There was a short purification ceremony inside the shrine as well as an offering of a sakaki branch to the kami.  I have never seen a priest so nervous as the one performing the ceremony today; not only was he performing in front of the kami, he also had twenty incredibly experienced priests watching him PLUS his boss (the guji of the shrine).
Then everyone headed back down the TERRIFYING STAIRS (they were even worse on the way down) and went into the shrine office to listen to the lecture.  The lecturer (who was the only male there) was also a priest, and he was lecturing on concepts of death and the afterlife in Shinto.  He went through concepts of death and the afterlife in a whole bunch of world religions and then in all the different branches of Shinto through all of history.  It was pretty cool, even if it was really hard to understand, because he kept using really complicated words.  (On the positive side, I now know how to say "cremation"?)  I understood about 75% of what he was saying, but afterwards I felt like I had run a marathon.  I keep forgetting how exhausting it is to mentally translate academic speech.
Overall, the important points can be summed up as "there are a whole lot of different views about death and the afterlife in Japanese culture and...we have no idea which one's right, so good luck."

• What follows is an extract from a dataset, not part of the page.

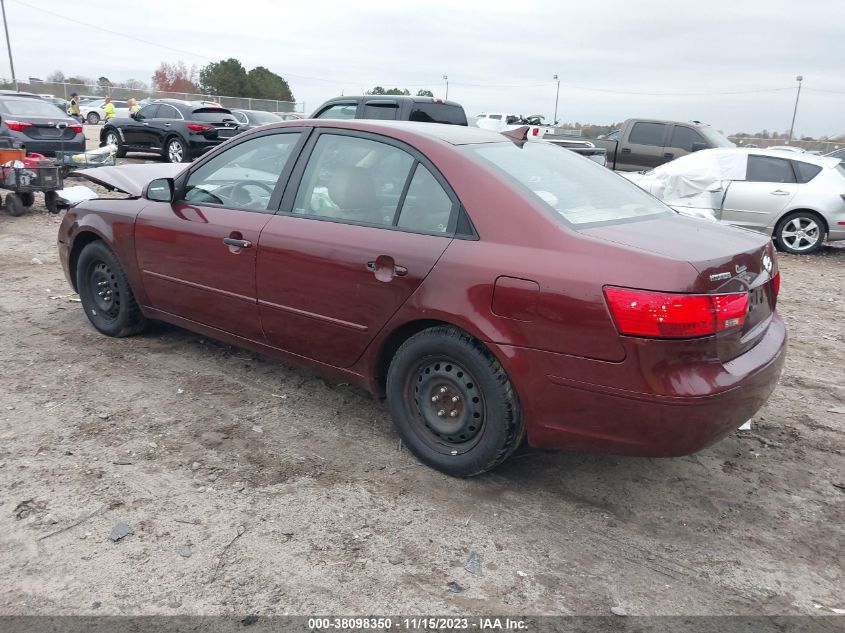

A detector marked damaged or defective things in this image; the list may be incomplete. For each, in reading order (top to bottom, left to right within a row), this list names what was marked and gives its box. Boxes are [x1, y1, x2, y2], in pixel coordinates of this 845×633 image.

crumpled hood [73, 162, 188, 196]
damaged hood [74, 162, 188, 196]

Anyway, there was a lunch break in the middle, so I got a free lunch and impressed everyone again with how I could eat anko.  Unfortunately, my lunch had Ninja Wasabi in it* and so I died a little, but not enough that anyone noticed.  There was also a "tea time" break in the middle of the afternoon, where everyone had tea and cake and that really good mochi stuff that comes in cubes and is covered in ground up sesame and maccha?  I don't remember the name of it.  Anyway, during tea time a discussion about brain-death popped up, as well as one about whether animals have souls.  (The lecturing priest said that he thinks cats and dogs and tanuki and foxes have souls, but not cows and chickens and pigs.  And then he shrugged and said that maybe he was totally wrong.)
Also, I wasn't considered weird for not drinking alcohol (there was the usual post-purification ceremony sake), because a number of the women there don't drink (most for health reasons; I heard some incredibly terrifying stories), but I WAS considered weird for not drinking coffee.  When I explained that I don't react well to caffeine, everyone seemed to consider that a reasonable excuse but also strangely hilarious.
ALSO, everyone kept giving me food; I took home a shopping bag full.  Their reason for giving me so much food was "because you're a student," which I think is probably polite code for "the only reason a human being would be so skinny is if they have no money, you poor, starving student."

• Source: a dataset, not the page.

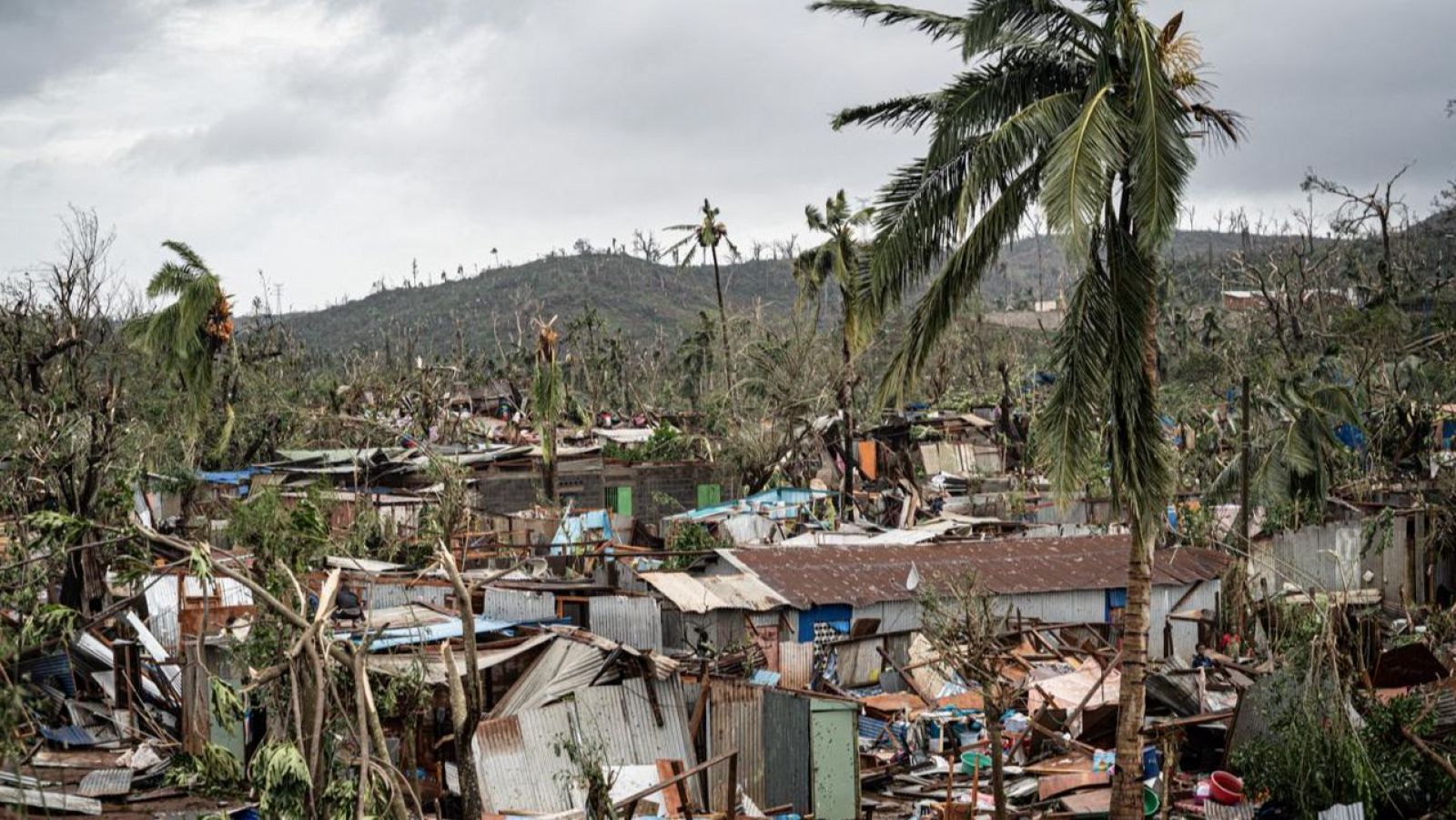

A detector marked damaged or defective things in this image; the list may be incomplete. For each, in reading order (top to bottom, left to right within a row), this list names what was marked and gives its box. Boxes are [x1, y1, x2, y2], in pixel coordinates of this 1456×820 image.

The event ended at about 4:30, and afterwards Itou-san and two of the other women and I went to a nearby temple, which is very famous because it has one of Tokugawa Ieyasu's (many many many many many) graves.**  I had actually been to the temple before, when I visited Okazaki back in the summer of 2009, but it was cool to go back and actually know what I was looking at this time.

And then we took the train back to Nagoya.

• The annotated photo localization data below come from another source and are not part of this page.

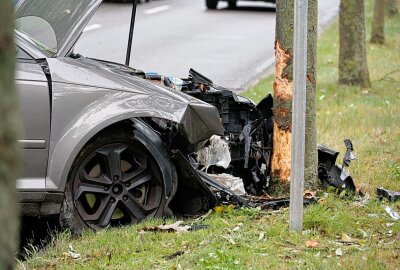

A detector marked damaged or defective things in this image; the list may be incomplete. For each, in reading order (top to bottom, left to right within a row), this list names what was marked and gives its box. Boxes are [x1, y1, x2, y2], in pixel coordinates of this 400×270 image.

detached car hood [15, 0, 101, 57]
detached car hood [47, 57, 225, 144]
crashed silver audi [14, 0, 354, 233]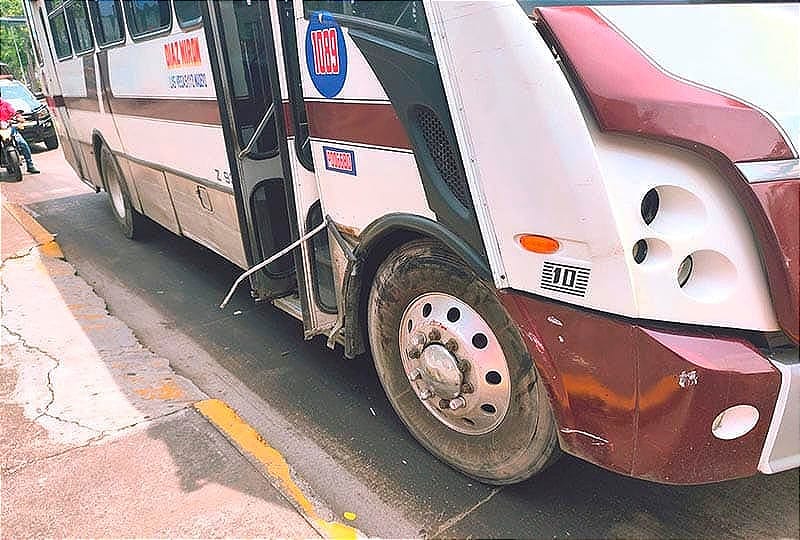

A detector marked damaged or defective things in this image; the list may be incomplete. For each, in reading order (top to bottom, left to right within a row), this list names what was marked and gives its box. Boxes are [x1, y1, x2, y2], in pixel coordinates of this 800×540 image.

cracked concrete pavement [2, 195, 322, 540]
dented bumper [504, 292, 792, 486]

And now I am really tired and should sleep.

Zzzzz.

Sorry for having lame posts the last two days, even though what I did was awesome.  I'm just...too...tired.

On an ironic note, I am better at socializing with women who are three or four times older than me than with people my age.  Yay?

*THERE'S YELLOW WASABI?  I thought it was mustard or something, a mistake I will never make again.

**Tokugawa Ieyasu was an interesting guy.  An interesting guy.  He has a whole bunch of graves...all over the place.  Because he was interesting.